Enfin, s’agissant de la dimension patrimoniale et financière des trafics et, dans la continuité du séminaire sur « la saisie, l’identification et la gestion des avoirs criminels », organisé par le Magistrat de liaison à Dakar en novembre 2012, GOUV et la DCSD ont organisé à Dakar, en septembre 2013, un séminaire régional incluant les pays bénéficiaires du FSP « Justice et sécurité en zone sahélo saharienne- JUSSEC (Mali, Niger et Mauritanie) et le FSP ALCAO. Ce séminaire a favorisé, au plan national et régional, l’adoption de « bonnes pratiques opérationnelles » par les magistrats, les policiers, les gendarmes ainsi que les douaniers afin d’impulser une coopération entre les acteurs de terrain en matière de saisie, de gestion et de confiscation des biens ou avoirs criminels.

Le poste est également destinataire d’un montant de 1 642 443€ de crédits centraux en provenance des directions sectorielles de la DGM. Ces crédits servent notamment à appuyer la restructuration de notre expertise technique dans le secteur de l’éducation, soutenir la CONFEJES et financer le programme d’appui aux initiatives de solidarité pour le développement (PAISD). Outre ces moyens directement gérés par l’Ambassade, la France s’appuie sur son opérateur en matière de développement, l’AFD (78,5 M€ décaissés en 2013 dont 11,5 M€ sous forme de dons), et travaille en coordination avec les bailleurs internationaux, notamment européens par lesquels transitent l’essentiel de l’aide multilatérale française (347 M€ pour le 11ème FED entre 2014 et 2020).

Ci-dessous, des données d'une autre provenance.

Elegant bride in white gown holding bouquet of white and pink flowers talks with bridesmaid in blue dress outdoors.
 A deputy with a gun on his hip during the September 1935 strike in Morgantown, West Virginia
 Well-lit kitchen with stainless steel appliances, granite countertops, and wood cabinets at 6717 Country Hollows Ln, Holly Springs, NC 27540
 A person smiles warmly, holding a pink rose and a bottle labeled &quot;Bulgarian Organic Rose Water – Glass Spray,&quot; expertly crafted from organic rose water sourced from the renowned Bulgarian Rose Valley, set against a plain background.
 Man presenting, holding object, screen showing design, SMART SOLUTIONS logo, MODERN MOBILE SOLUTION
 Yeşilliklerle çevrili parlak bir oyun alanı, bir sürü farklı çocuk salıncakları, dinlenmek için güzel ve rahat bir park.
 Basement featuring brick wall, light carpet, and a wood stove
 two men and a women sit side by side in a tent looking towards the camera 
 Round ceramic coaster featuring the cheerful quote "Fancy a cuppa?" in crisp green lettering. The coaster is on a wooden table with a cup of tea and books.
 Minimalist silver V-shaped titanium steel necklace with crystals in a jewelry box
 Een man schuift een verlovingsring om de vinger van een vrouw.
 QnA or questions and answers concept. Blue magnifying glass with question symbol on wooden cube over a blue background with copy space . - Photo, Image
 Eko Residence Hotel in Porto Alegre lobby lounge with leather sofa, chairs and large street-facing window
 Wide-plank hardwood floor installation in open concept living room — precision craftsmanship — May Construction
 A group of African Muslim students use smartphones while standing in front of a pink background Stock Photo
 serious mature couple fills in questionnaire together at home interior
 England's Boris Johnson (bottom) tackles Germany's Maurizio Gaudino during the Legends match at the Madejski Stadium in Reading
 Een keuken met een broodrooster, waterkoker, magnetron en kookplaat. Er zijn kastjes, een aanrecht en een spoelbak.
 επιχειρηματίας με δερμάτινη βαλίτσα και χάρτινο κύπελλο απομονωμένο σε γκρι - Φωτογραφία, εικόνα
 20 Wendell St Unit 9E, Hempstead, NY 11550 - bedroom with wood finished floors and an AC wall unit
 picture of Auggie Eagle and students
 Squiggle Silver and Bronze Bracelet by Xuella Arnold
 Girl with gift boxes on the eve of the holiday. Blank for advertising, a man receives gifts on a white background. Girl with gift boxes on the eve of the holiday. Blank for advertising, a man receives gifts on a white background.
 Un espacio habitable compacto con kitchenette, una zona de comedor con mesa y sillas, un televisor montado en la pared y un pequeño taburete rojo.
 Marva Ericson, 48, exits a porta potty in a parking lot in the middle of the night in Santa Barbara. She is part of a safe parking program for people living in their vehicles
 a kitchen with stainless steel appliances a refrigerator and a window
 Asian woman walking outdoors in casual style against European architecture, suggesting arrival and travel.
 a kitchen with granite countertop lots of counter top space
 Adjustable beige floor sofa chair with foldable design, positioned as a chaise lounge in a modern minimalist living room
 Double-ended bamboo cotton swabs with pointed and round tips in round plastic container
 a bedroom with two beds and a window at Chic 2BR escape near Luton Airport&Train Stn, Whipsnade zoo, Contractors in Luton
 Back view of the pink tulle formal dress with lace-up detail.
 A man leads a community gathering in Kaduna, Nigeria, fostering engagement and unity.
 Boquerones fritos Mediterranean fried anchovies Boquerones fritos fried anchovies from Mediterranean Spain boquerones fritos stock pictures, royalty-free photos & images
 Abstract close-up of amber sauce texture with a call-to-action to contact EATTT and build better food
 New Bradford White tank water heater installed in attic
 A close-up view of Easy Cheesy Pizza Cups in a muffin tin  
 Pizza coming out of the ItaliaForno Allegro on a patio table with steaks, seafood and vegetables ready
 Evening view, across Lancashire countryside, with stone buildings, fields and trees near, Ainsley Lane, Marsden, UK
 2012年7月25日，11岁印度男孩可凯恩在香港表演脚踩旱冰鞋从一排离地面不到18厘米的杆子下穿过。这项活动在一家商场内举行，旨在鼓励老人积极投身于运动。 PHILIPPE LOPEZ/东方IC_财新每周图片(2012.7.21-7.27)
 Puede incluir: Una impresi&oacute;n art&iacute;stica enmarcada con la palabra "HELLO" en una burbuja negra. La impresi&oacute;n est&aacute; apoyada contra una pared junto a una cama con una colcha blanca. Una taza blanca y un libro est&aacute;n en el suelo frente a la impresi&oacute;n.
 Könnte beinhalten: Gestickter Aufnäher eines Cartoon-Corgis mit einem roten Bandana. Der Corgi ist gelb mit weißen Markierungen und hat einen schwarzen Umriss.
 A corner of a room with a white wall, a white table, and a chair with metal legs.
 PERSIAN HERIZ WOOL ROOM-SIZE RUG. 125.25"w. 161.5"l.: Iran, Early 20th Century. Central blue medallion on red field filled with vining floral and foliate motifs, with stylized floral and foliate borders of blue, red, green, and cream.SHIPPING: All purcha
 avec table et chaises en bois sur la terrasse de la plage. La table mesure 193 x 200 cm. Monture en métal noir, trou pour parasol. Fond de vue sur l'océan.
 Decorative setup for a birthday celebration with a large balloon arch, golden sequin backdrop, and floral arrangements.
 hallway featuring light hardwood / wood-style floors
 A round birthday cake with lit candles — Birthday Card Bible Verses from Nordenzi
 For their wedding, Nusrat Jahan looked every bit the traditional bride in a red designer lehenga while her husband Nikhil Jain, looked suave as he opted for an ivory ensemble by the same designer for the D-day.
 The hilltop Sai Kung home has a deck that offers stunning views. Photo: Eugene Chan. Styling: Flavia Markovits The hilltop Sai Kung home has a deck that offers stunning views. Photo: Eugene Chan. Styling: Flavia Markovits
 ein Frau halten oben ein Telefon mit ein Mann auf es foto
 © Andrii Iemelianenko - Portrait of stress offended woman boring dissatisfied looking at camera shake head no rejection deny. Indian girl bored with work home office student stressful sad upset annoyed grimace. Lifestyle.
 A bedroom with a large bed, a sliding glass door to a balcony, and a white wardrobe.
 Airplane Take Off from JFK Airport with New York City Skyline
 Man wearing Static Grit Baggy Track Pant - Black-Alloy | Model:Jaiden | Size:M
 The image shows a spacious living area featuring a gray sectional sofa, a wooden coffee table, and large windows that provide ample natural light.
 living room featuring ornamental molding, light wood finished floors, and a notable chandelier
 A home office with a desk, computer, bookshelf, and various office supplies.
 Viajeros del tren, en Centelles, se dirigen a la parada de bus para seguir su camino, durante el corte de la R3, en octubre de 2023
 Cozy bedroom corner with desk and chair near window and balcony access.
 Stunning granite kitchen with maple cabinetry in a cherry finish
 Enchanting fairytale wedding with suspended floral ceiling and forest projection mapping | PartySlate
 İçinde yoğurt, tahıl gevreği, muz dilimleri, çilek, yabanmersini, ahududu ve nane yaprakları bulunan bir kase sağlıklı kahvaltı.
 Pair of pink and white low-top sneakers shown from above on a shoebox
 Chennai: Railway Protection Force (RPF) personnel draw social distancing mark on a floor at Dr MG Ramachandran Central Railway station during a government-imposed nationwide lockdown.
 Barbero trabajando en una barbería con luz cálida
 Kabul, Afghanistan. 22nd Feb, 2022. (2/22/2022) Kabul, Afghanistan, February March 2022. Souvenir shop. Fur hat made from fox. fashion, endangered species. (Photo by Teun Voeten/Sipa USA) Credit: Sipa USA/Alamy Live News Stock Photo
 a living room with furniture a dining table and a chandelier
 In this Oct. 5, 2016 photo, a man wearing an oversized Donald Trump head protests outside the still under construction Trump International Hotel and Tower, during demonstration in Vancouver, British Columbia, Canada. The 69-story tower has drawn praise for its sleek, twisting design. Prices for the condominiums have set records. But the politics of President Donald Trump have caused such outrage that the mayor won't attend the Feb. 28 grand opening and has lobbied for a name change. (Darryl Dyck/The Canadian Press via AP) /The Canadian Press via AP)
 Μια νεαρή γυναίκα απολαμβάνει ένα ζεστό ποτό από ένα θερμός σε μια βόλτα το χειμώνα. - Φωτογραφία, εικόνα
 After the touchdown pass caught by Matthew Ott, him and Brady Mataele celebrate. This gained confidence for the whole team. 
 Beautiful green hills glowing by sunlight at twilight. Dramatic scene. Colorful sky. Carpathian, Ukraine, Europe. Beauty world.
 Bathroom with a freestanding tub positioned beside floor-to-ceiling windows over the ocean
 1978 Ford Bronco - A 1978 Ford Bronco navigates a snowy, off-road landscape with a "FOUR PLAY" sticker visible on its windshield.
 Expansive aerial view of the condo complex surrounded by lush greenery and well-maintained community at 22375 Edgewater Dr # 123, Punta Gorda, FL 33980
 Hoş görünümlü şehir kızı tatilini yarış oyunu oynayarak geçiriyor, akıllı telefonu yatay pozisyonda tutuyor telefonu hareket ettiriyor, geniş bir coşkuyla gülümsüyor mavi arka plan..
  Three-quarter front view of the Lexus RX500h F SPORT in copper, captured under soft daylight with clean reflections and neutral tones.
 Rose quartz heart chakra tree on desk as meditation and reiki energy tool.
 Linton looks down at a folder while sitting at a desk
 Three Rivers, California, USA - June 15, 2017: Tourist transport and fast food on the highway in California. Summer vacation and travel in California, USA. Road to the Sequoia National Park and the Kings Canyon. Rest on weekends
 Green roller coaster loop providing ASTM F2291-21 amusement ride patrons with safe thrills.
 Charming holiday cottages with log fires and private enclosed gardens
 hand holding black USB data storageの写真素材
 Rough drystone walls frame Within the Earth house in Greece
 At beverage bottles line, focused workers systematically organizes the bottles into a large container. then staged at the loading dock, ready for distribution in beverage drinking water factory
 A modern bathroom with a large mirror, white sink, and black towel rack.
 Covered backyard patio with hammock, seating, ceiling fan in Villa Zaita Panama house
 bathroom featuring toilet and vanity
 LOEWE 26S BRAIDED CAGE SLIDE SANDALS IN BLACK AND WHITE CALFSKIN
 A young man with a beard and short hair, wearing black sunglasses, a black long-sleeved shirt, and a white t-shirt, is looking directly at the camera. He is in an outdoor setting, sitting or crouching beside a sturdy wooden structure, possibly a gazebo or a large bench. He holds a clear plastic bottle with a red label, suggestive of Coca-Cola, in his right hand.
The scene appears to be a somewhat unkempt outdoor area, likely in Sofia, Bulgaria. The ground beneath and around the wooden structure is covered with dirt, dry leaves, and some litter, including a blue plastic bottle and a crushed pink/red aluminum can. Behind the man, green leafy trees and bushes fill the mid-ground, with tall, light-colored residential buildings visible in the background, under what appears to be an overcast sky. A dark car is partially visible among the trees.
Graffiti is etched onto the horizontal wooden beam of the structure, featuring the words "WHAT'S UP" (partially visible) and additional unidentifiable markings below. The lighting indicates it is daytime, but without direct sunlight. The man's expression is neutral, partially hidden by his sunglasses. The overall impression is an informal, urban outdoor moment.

La Coopération française en chiffres

  • Près de 100 partenariats actifs entre collectivités locales françaises et sénégalaises ;
  • Depuis 1996, quatre enveloppes budgétaires du Fonds Social Développement (FSD) ont été mises en place au Sénégal, pour un montant total de 5,5 M€ (3,6 milliards de FCFA). Elles ont permis le financement de 135 projets pour un montant moyen de 40 218 €, et l’appui de 112 acteurs (Associations, ONG et Collectivités locales) ;
  • Le Programme d’Appui aux Initiatives de Solidarité pour le Développement a été lancé en juillet 2009 pour un montant de 9 millions d’euros (6 milliards de FCFA) pour la période 2009-2012. Environ 25 000 ressortissants sénégalais établis en France, à titre individuel ou constitués en association ont été impliqués dans le projet. 131 infrastructures ont été réalisées avec une participation financière des ressortissants à hauteur de 30 %.
  • Au 1er janvier 2015, 29 experts techniques bilatéraux travaillent au Sénégal, dont 2 volontaires internationaux (en récent audit de l’IG préconise cependant de revoir ces effectifs à la baisse).
  • 150 bourses (étudiants et doctorants sénégalais) en moyenne sont accordées par an sur une enveloppe de 700 000 € (460 millions de FCFA).